The learning outcomes are:

  • ability to apply SROI techniques in your M&E work
  • ability to identify appropriate financial proxies
  • how to interpret SROI ratios
  • use SROI principles to more critically interpret programs and make more effective funding decisions

This workshop enables participants to address the following domains of competence:

  • Culture, Stakeholders and Context
  • Research Methods and Systematic Inquiry
  • Evaluation Activities

The workshop is delivered by a Social Value International accredited practitioner and trainer and designed for those with intermediate evaluation experience and an interest in better measuring value for money and cost effectiveness.

About the presenters:
Arjun Ravi is director of The Incus Group and an experienced impact measurement and evaluation professional with extensive experience advising clients in the corporate, not-for-profit and government sector. Prior to founding The Incus Group in 2015, he spent five years with Net Balance and later EY Australia building and establishing the social sustainability practice.

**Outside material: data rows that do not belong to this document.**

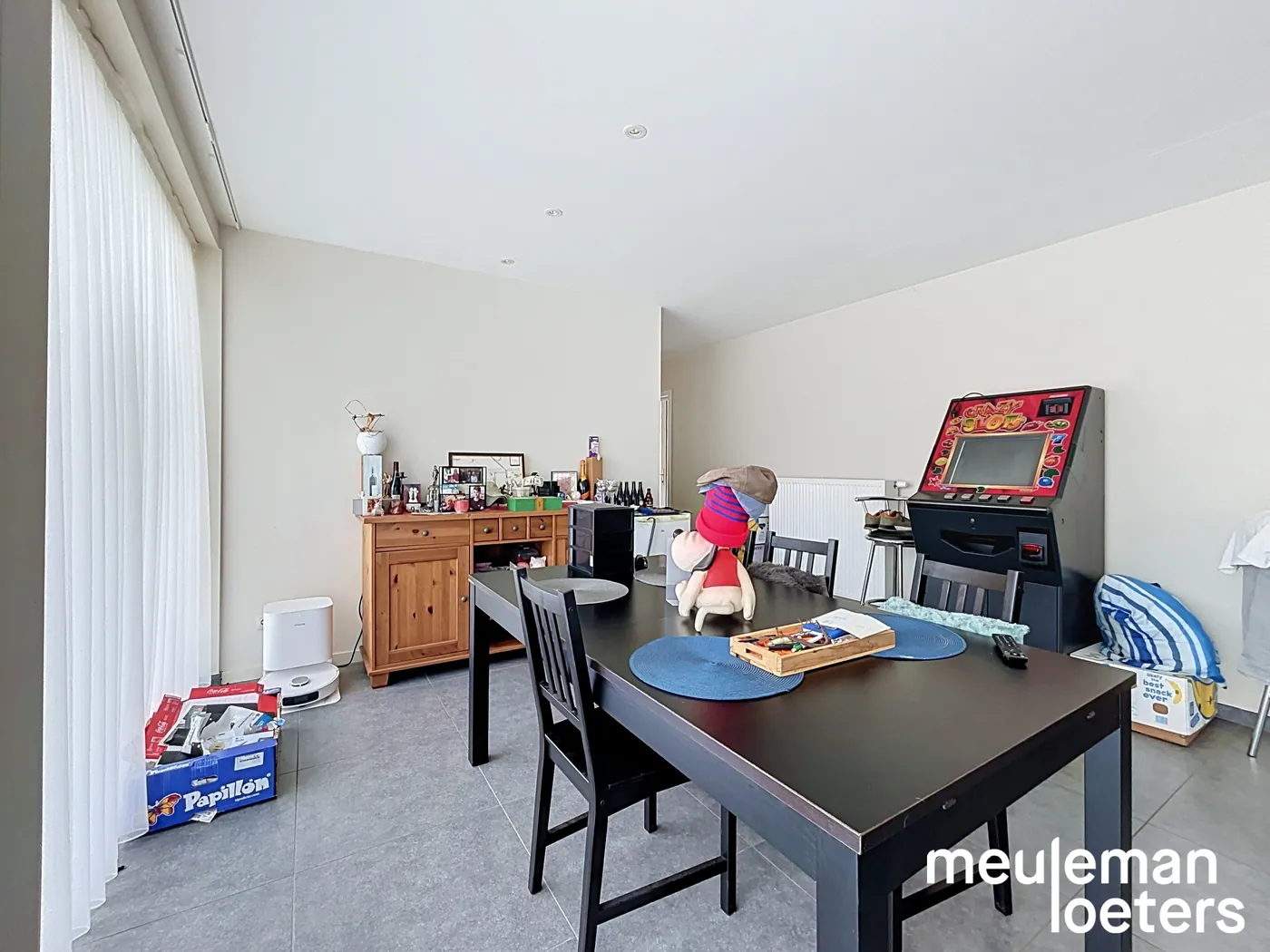 Lichtrijk hoekappartement met één slaapkamer en ruime garage - foto 5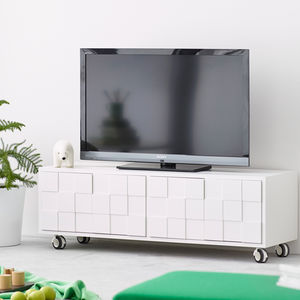 mueble de televisión contemporáneo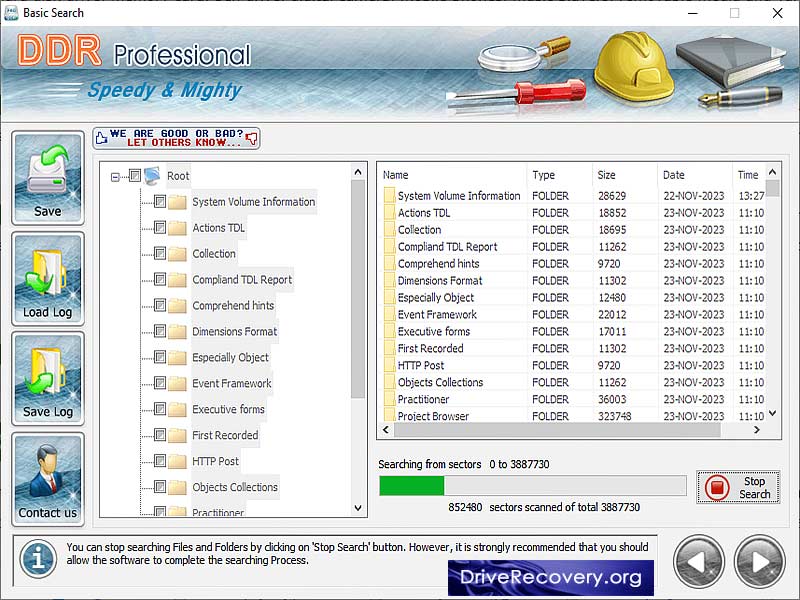 Drive Recovery Software 4.0.1.6 full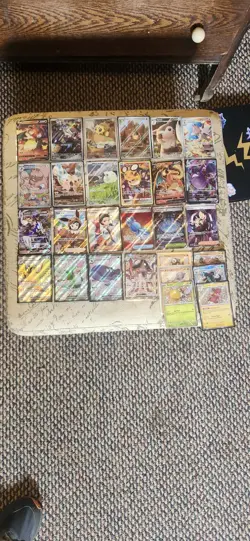 Pokemon TCG 28 Card Combo Lot Near Mint 28 Cards - Image 1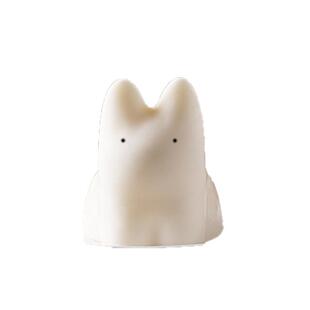 兔子奶冻模具硅胶狗狗布丁兔兔猫咪小猫猫果冻慕斯卡通小号商用磨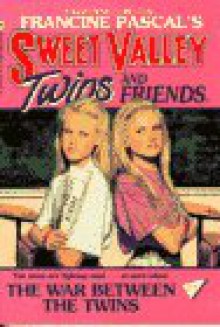 The War Between the Twins (Sweet Valley Twins) - Edward Packard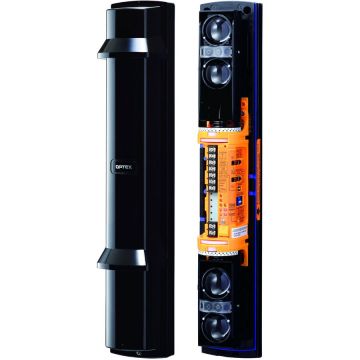 OPTEX Bariera de protectie perimetrala Optex SL-350QDP(C), 4 canale, distanta de detectie 100m, Professional OPTEX Bariera de protectie perimetrala Optex SL-350QDP(C), 4 canale, distanta de detectie 100m, Professional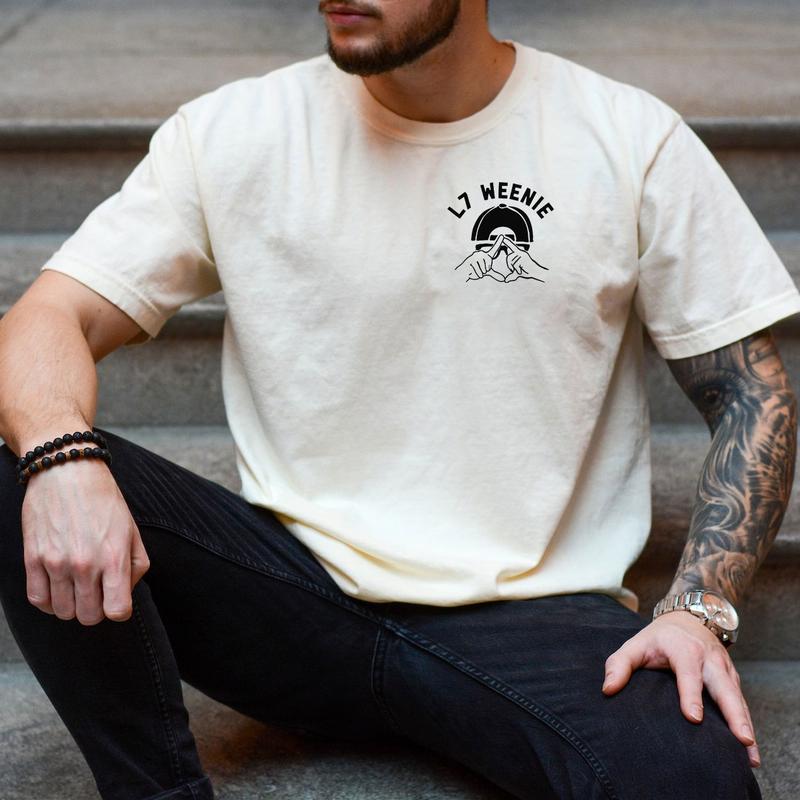 L7 Weenie 2_Sandlot Movie TShirt, Baseball Crewneck Sweatshirt, Classic Movie Tshirt, Funny Movies Sweatshirt, Baseball Game Day Hoodie, Gift For Base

His experience in the impact measurement space has been focused on leading innovative engagements seeking to measure, value and manage the often “intangible” impacts of organisations’ operations and investments. He is accredited by Social Value International as a Social Return on Investment (SROI) practitioner and is a licensed trainer of the SROI methodology and has trained hundreds of diverse participants worldwide. Some of his project highlights include working with Save the Children to forecast the social return of a suite of their child protection initiatives, evaluating the impact of a federally funded Indigenous health promotion grants program, and determining the social value of providing improved transportation access to persons with a disability to advocate for greater funding support.

Arjun holds a Bachelor of Finance degree from the University of Illinois and a Master of International Development from Monash University.

Taimur Siddiqi is an experienced practitioner and trainer of the Social Return on Investment (SROI) methodology and has completed numerous SROI projects and delivered accredited training to over 100 individuals. Taimur has applied SROI valuation techniques as part of his role as an evaluation consultant working with a range of public sector, corporate and not-for-profit organisations. His project work has included a peer reviewed SROI analysis of Indigenous financial counselling; a cost effectiveness evaluation of a child protection community legal pilot and an extensive SROI research project for Foodbank Australia. Prior to co-founding The Incus Group, he spent four years with Net Balance where he eventually managed the $2 million Social Impact business line.